▶ [Work required] Repeat the records word for word, excluding any picture.

### Listed records

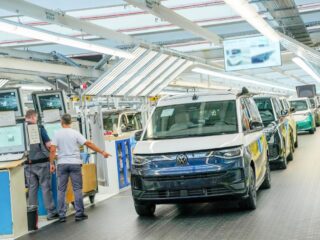 Caravelle (formerly Multivan) and California: Production of the enhanced models starts at Volkswagen
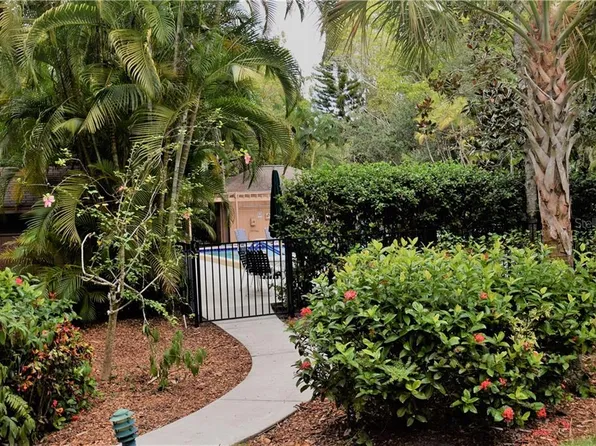 1667 Brookhouse Cir, Sarasota, FL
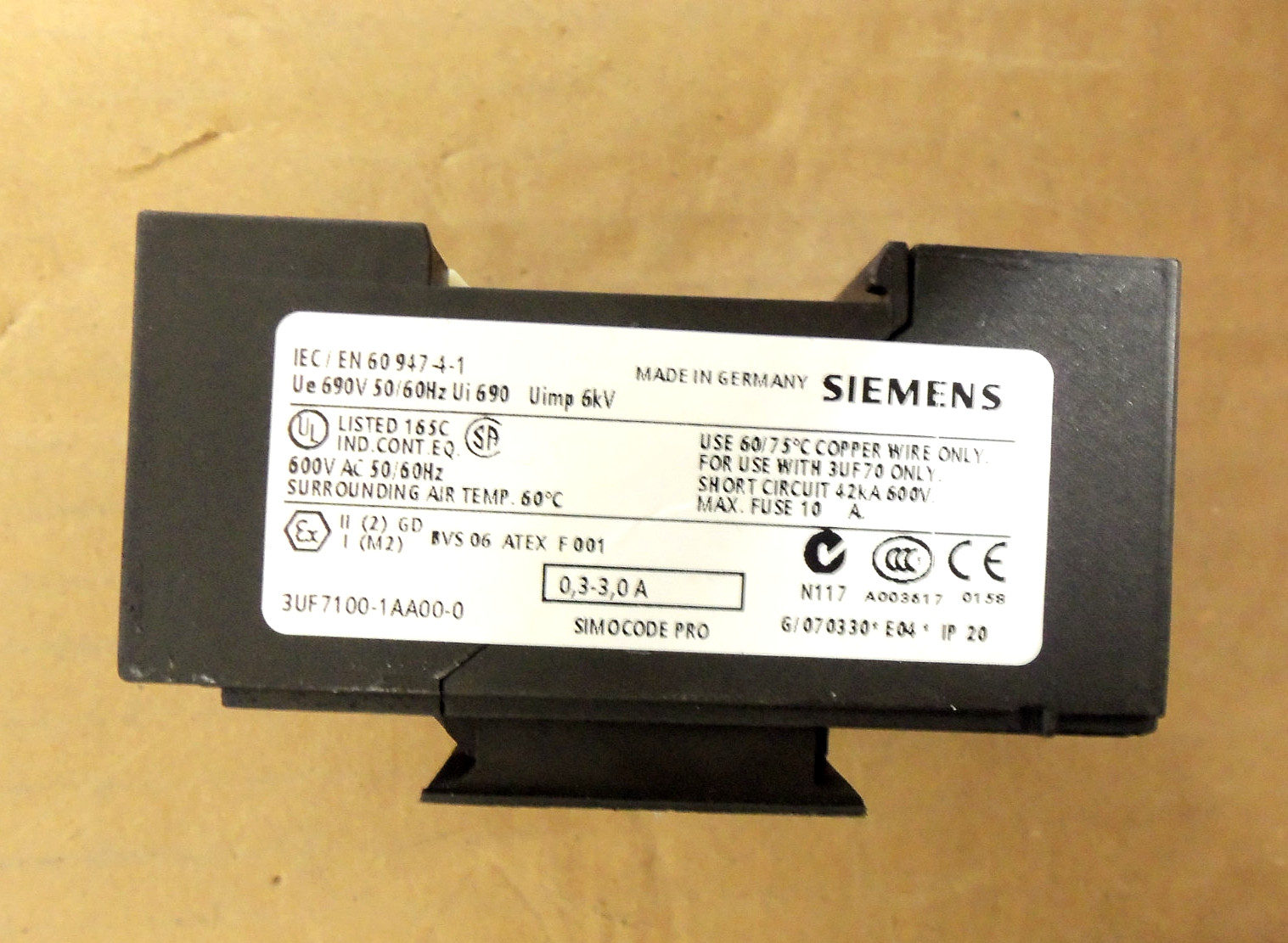 SIEMENS 3UF7100-1AA00-0 SIMOCODE CURRENT MEASURING MODULE 3UF71001AA000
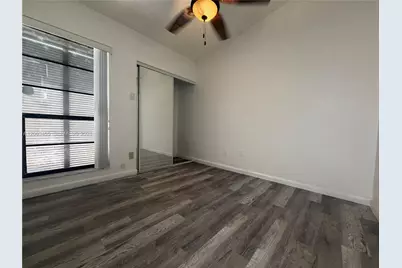 1172 NW 122nd Ter, Pembroke Pines, FL 33026 - Photo 9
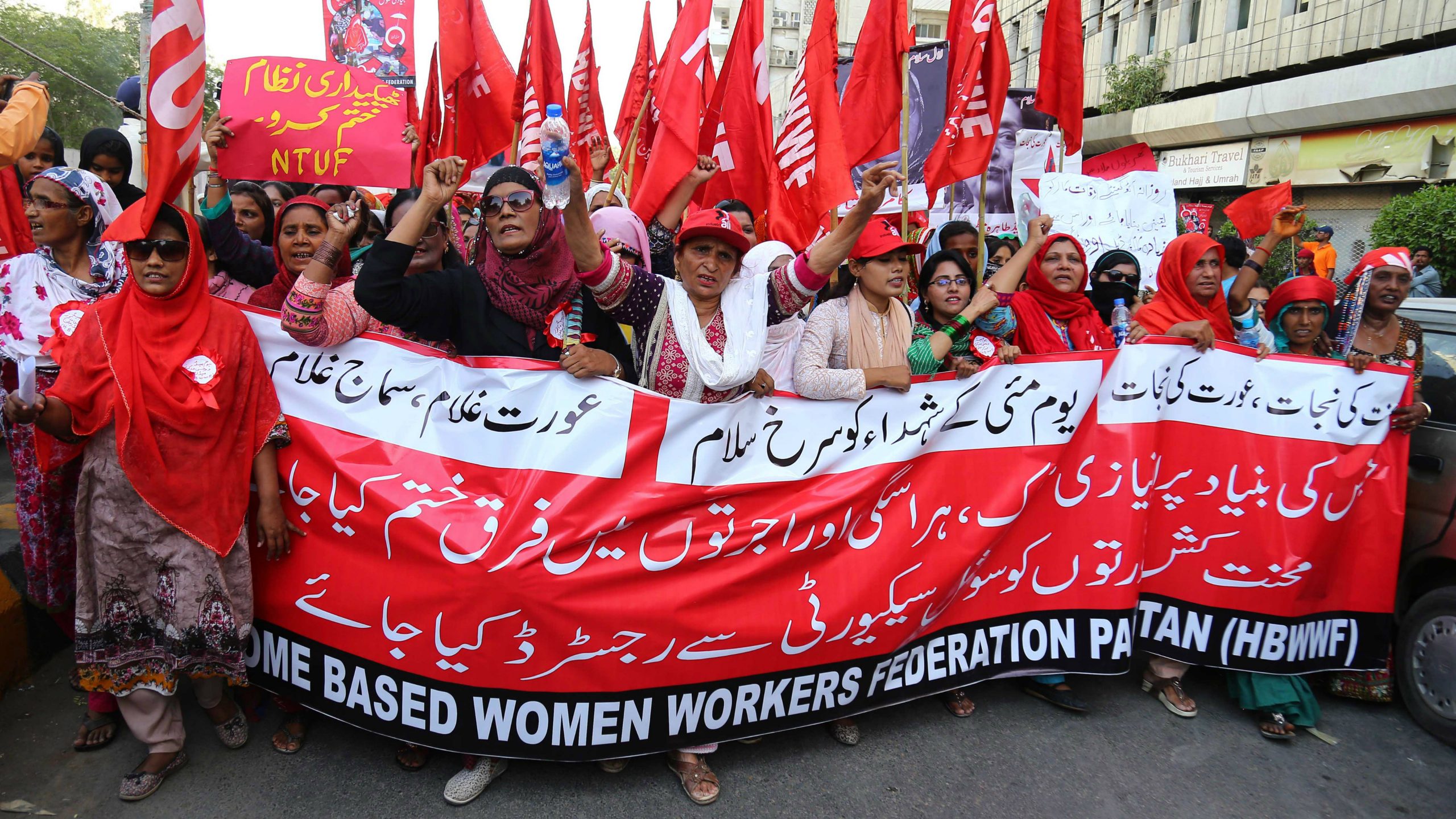 Protesti radnika širom sveta obeležili Međunarodni praznik rada (FOTO) 10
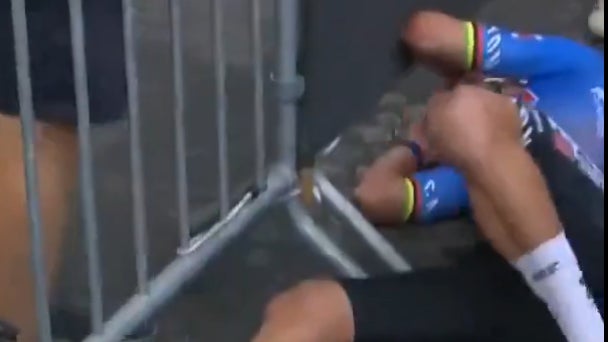 Mathieu Van der Poel apres sa victoire lors de la 21e etape du Tour de France le 26 juillet 2026 2325534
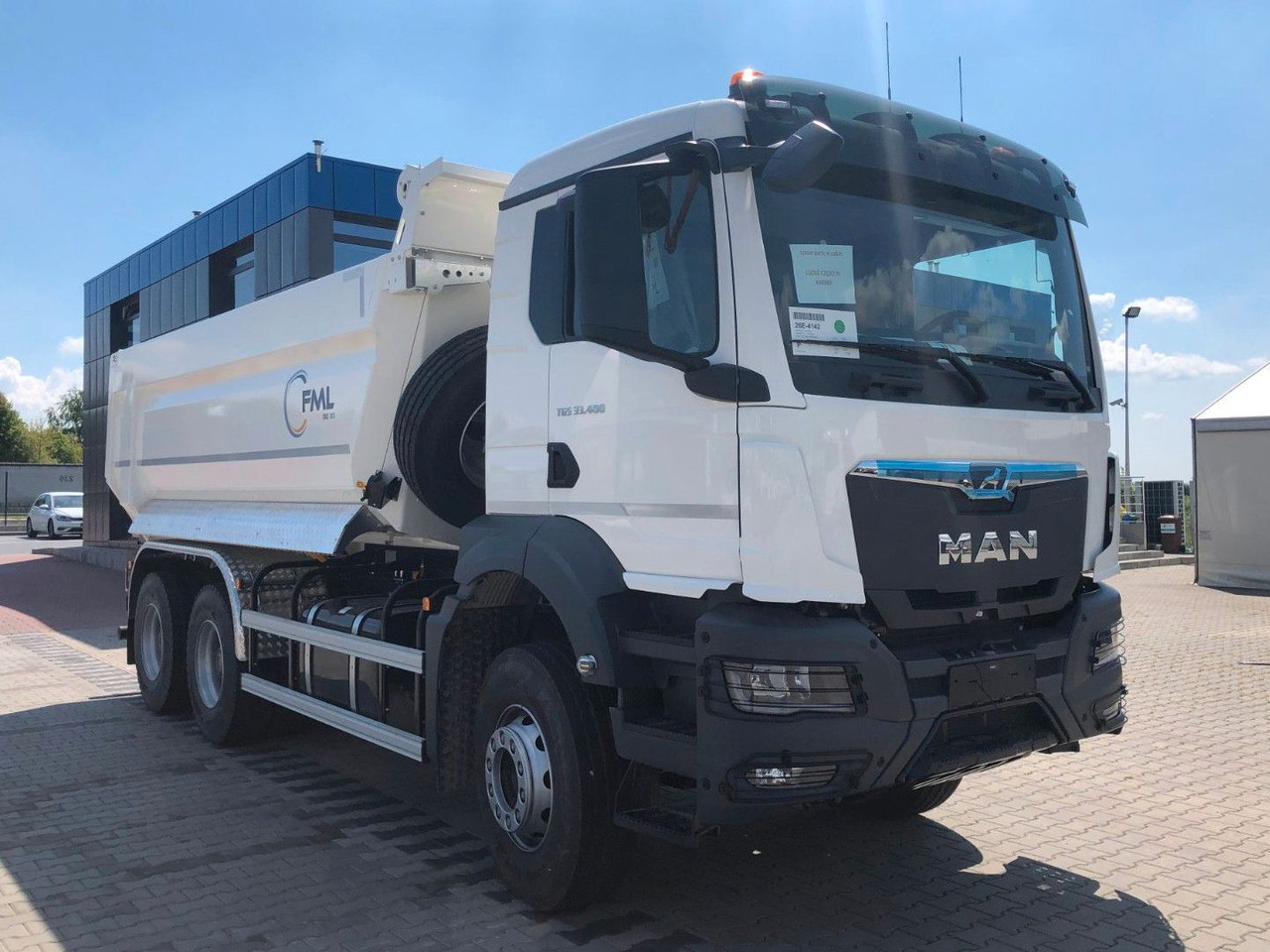 MAN TGS 33.400 6X4 EURO2 FML KIPPER 17,5M3 - Camion benne: photos 1 MAN TGS 33.400 6X4 EURO2 FML KIPPER 17,5M3 - Camion benne: photos 1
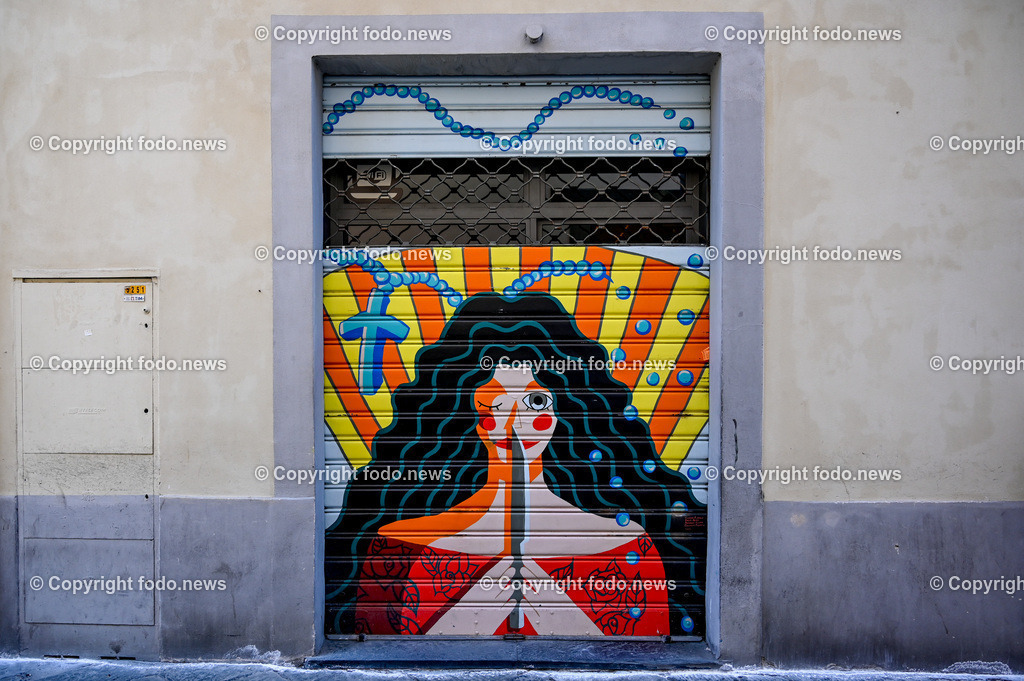 Italien_ Toscana_ Lucca_ 29.05.2024-68 | 29.05.2024, Italien, ITA, Toskana, Lucca im Bild Stadtansichten, Gebäude, Architektur, Touristen, Historisch, Souvenier, 


Lucca ist die Hauptstadt der Provinz Lucca in der Toskana. Sie liegt im Tal des Flusses Serchio etwa 20 km nordöstlich von Pisa und 20 km östlich der toskanischen Küste
Quelle: Wikipedia
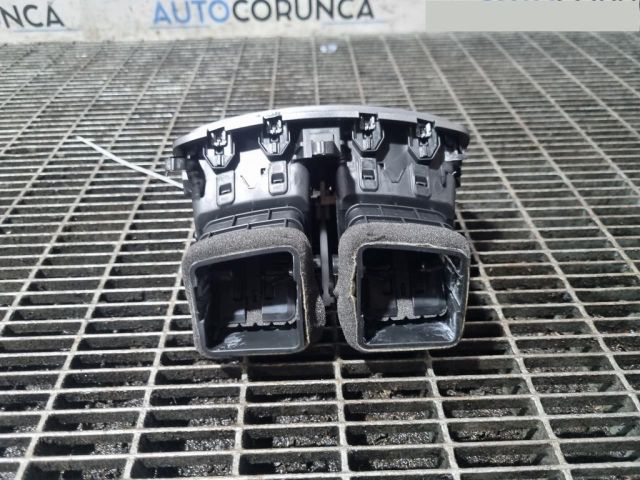 bontott HYUNDAI ix35 Középső Szellőző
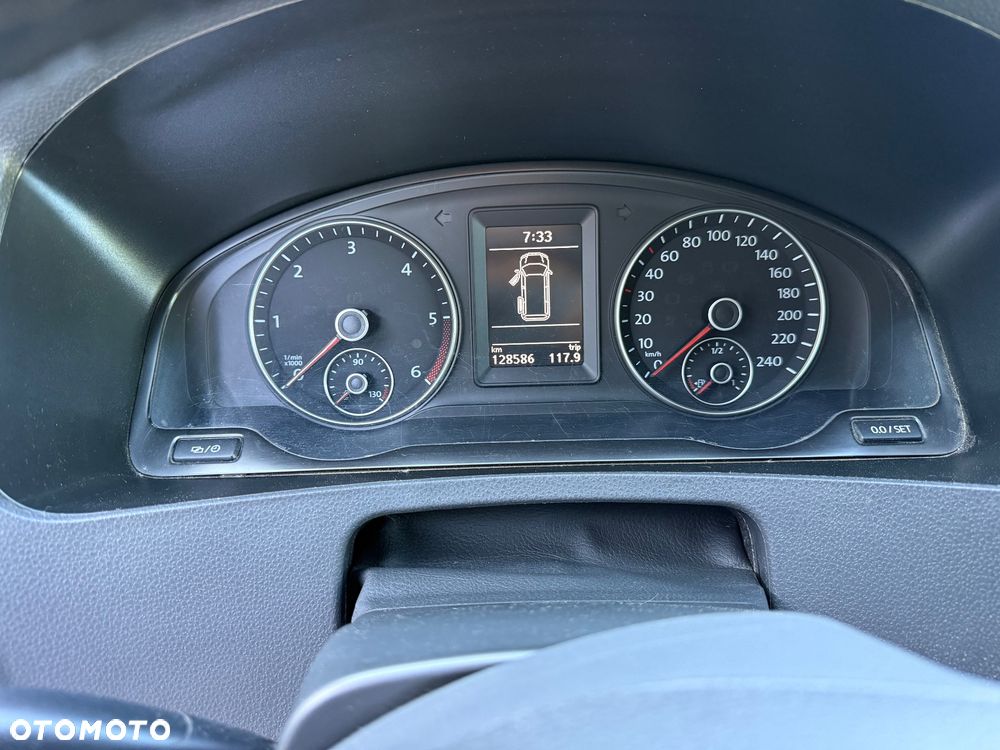 Volkswagen Caravelle - 22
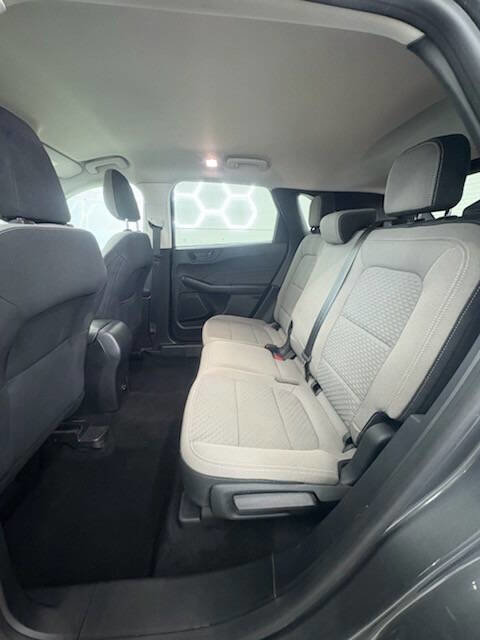 Used 2022 Ford Escape SE image 14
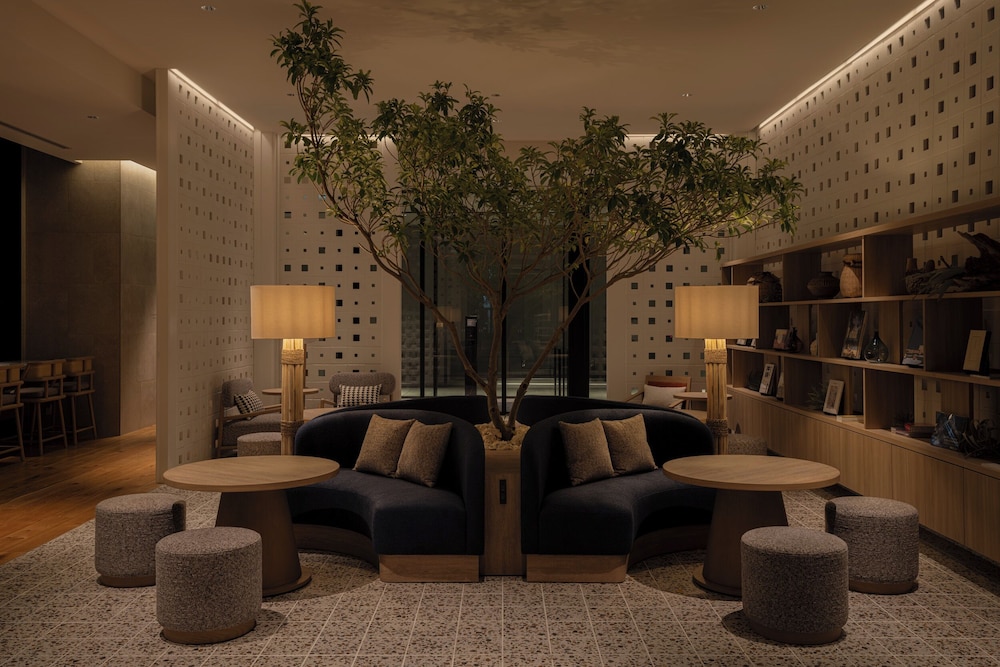 THE NEST那覇 那覇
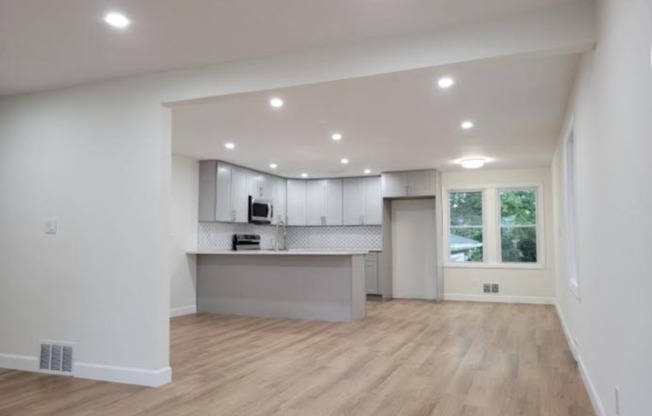 23 NEWTON RD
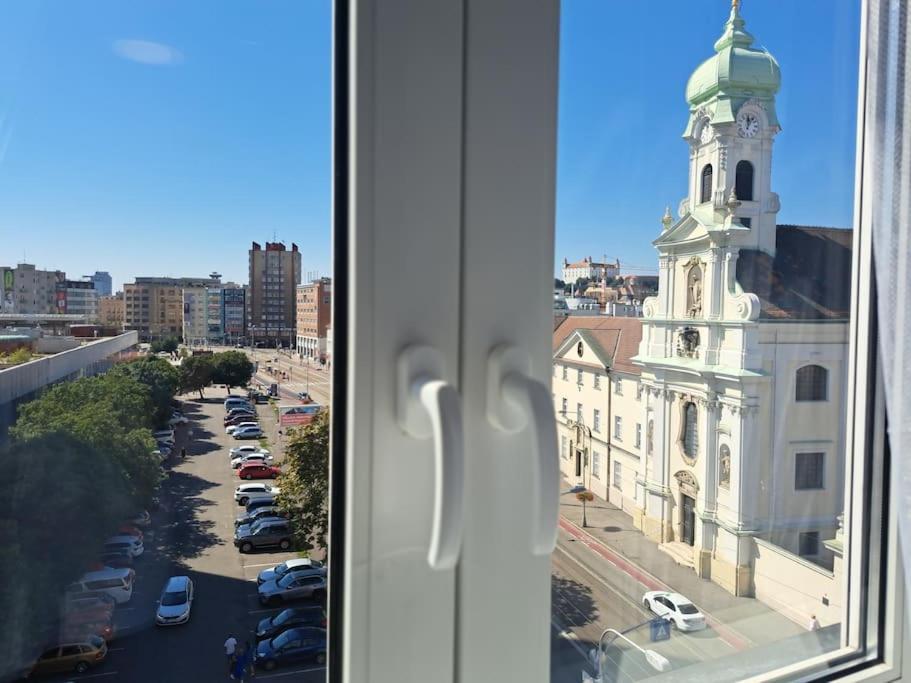 Amazing Castle View Apartment Bratislava Bagian luar foto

######

▶ [Answer space]
 Caravelle (formerly Multivan) and California: Production of the enhanced models starts at Volkswagen
 1667 Brookhouse Cir, Sarasota, FL
 SIEMENS 3UF7100-1AA00-0 SIMOCODE CURRENT MEASURING MODULE 3UF71001AA000
 1172 NW 122nd Ter, Pembroke Pines, FL 33026 - Photo 9
 Protesti radnika širom sveta obeležili Međunarodni praznik rada (FOTO) 10
 Mathieu Van der Poel apres sa victoire lors de la 21e etape du Tour de France le 26 juillet 2026 2325534
 MAN TGS 33.400 6X4 EURO2 FML KIPPER 17,5M3 - Camion benne: photos 1 MAN TGS 33.400 6X4 EURO2 FML KIPPER 17,5M3 - Camion benne: photos 1
 Italien_ Toscana_ Lucca_ 29.05.2024-68 | 29.05.2024, Italien, ITA, Toskana, Lucca im Bild Stadtansichten, Gebäude, Architektur, Touristen, Historisch, Souvenier, 


Lucca ist die Hauptstadt der Provinz Lucca in der Toskana. Sie liegt im Tal des Flusses Serchio etwa 20 km nordöstlich von Pisa und 20 km östlich der toskanischen Küste
Quelle: Wikipedia
 bontott HYUNDAI ix35 Középső Szellőző
 Volkswagen Caravelle - 22
 Used 2022 Ford Escape SE image 14
 THE NEST那覇 那覇
 23 NEWTON RD
 Amazing Castle View Apartment Bratislava Bagian luar foto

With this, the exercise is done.